# Guess what I found browsing Adult Swim. :V



## Ozriel (Apr 11, 2012)

I have to show you guys this so you can incite a witch hunt that ill crash the site in epic proportion be prepared to see it in full on adult swim this Sunday.

http://video.adultswim.com/check-it...check-it-out-with-dr-steve-brule-animals.html


----------



## Mxpklx (Apr 11, 2012)

Jesus Mary and Joseph...


----------



## Captain Howdy (Apr 11, 2012)

People actually watch that stupid show?


----------



## Ozriel (Apr 11, 2012)

Lastdirewolf said:


> People actually watch that stupid show?



According to the FB, yeah... :V
Tons of people.


----------



## Captain Howdy (Apr 11, 2012)

Zeke Shadowfyre said:


> According to the FB, yeah... :V
> Tons of people.



I'm finding it harder to live on this planet.


----------



## JArt. (Apr 11, 2012)

Me'O my, this will be fun.


----------



## I Am That Is (Apr 11, 2012)

Don't know what I think of this yet. I hope its not patronizing or full of stereotypes.


----------



## JArt. (Apr 11, 2012)

I Am That Is said:


> Don't know what I think of this yet. I hope its not patronizing or full of stereotypes.



Adult Swim would never do anything like that! :V


----------



## Fay V (Apr 11, 2012)

it's going to be patronizing and full of stereotypes, cause it's funny that way. 

I love the shitty one the show got.


----------



## Aetius (Apr 11, 2012)

Hahhaha this is awesome.

Nice find.


----------



## Echo Wolf (Apr 14, 2012)

Maybe it's just because I am trying to be an optimist this month but from the looks of the clip it might not be to bad.
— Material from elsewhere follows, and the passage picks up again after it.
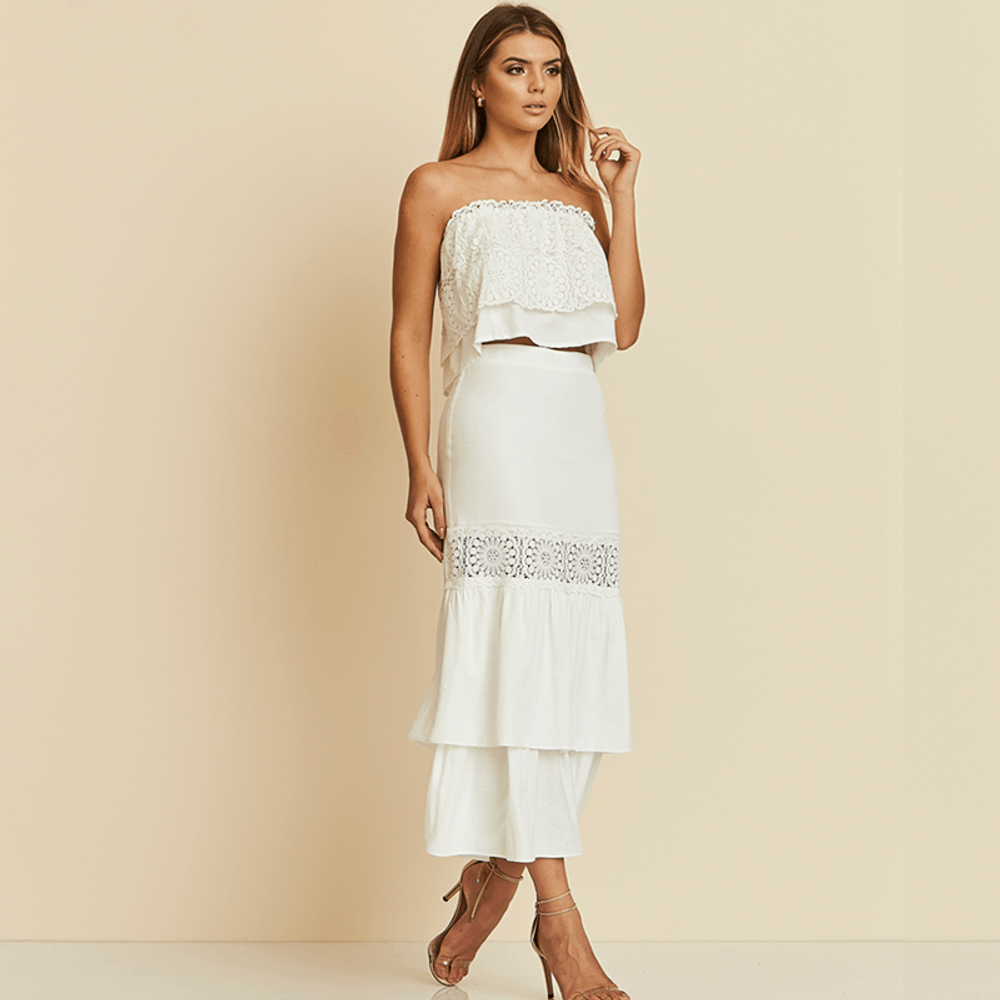 saia off white midi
It seems like the furs are somewhat normal and it's just Doctor Brule acting like a jackass and the supposed "comedy" is supposed to flow from their reactions and his awkwardness. Anyway I don't like this show but I will say I am curious to see how this turns out.


----------



## Zenia (Apr 14, 2012)

What the hell was that?


----------



## Kaamos (Apr 14, 2012)

http://i557.photobucket.com/albums/ss19/Vargstenen/35K2N.gif

It's like adult swim's shows are just getting stupider and stupider, I just don't fucking understand this horse shit.


----------



## Aldino (Apr 21, 2012)

I don't want to live on this planet anymore.


----------